Mayo College sits in a leafy campus on Ajmer’s outskirts, full of colonial-era buildings, playing fields and tree-lined avenues. The main building, with its white domes, towers and arcades, looks like a cross between a Rajasthani palace and a Victorian public school. Though it is a functioning residential school (so access is limited), visitors sometimes view the architecture from outside or by prior permission, and the campus houses a school museum said to have one of the best collections of taxidermy, arms and artefacts assembled by students over decades. The institution is often described as the “Eton of the East,” adding an educational-cum-colonial layer to Ajmer’s heritage mix.
About this place
History & highlights
Mayo College was founded in 1875 by the British as a chiefs’ college to educate the sons of Rajput and other princely rulers under the supervision of the colonial government.
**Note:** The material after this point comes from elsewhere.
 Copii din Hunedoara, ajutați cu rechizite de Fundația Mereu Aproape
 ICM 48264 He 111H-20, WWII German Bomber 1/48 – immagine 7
Named after Lord Mayo, then Viceroy of India, it was designed to train future princes in Western-style administration while keeping them loyal to the Raj. The campus plan and Indo-Saracenic architecture reflected this hybrid mission—combining Indian motifs with British public-school ideals of sports, discipline and boarding life. After independence, Mayo transitioned into an elite public school open to a wider social group, though it still retains ties to many former royal families. Its museum and archives preserve a record of princely schooling, making the college an important chapter in Ajmer’s colonial and educational history.